Content starts

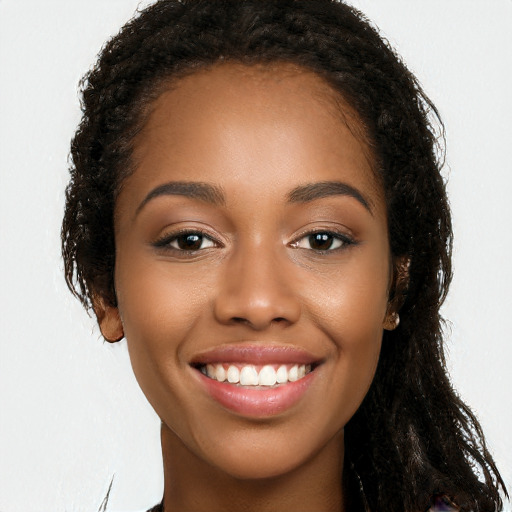 Joyful black young-adult female with long  brown hair and brown eyes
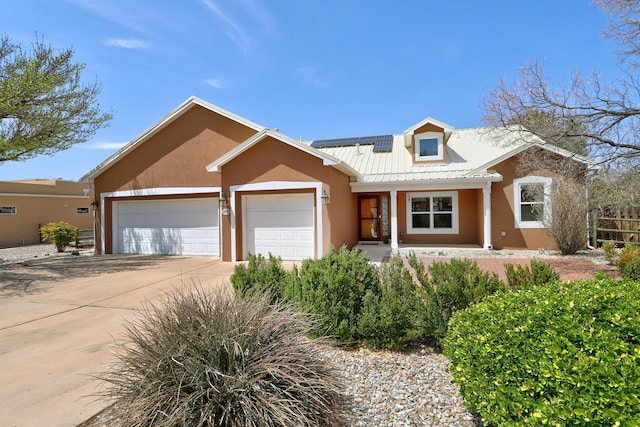 2703 Pueblo Grande Trl NW, Albuquerque, NM 87120 - view of front facade featuring stucco siding, covered porch, a garage, solar panels, and concrete driveway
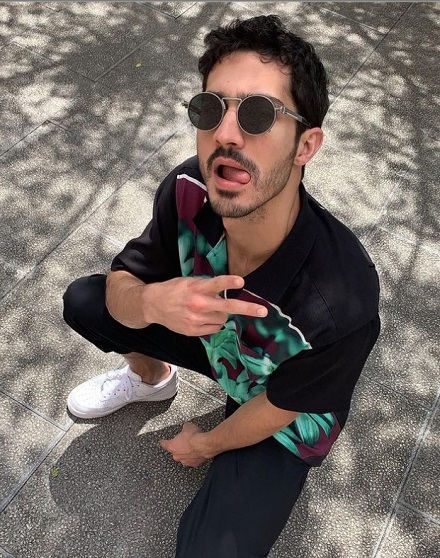 Chino Darin posing for his feed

Content ends

-- Task statement --
What you produce must match the listing word for word, with no images in it.

-- Reply --
 Joyful black young-adult female with long  brown hair and brown eyes
 2703 Pueblo Grande Trl NW, Albuquerque, NM 87120 - view of front facade featuring stucco siding, covered porch, a garage, solar panels, and concrete driveway
 Chino Darin posing for his feed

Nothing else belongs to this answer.